__INPUT MATERIAL__:
§

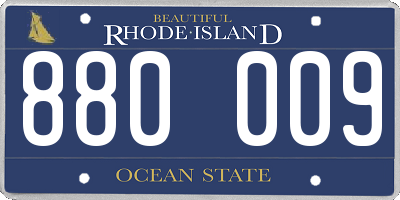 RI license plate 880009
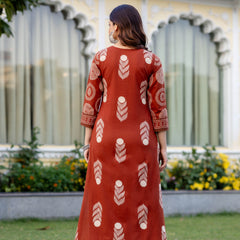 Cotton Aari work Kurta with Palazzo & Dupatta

§

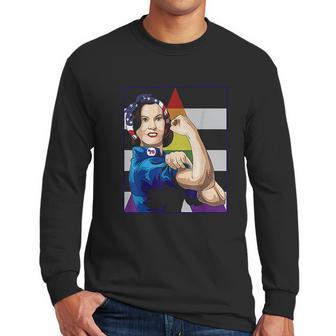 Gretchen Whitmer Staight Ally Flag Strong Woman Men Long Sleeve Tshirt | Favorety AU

§

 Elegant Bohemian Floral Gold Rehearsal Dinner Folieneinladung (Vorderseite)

§

__GOAL OF THE EXERCISE__:
Take the entries above and copy exactly the lines starting at the one with "RI license plate 880009" and ending at the one with "Cotton Aari work"; nothing outside that span, and no pictures.

__ANSWER BOX__:
 RI license plate 880009
 Cotton Aari work Kurta with Palazzo & Dupatta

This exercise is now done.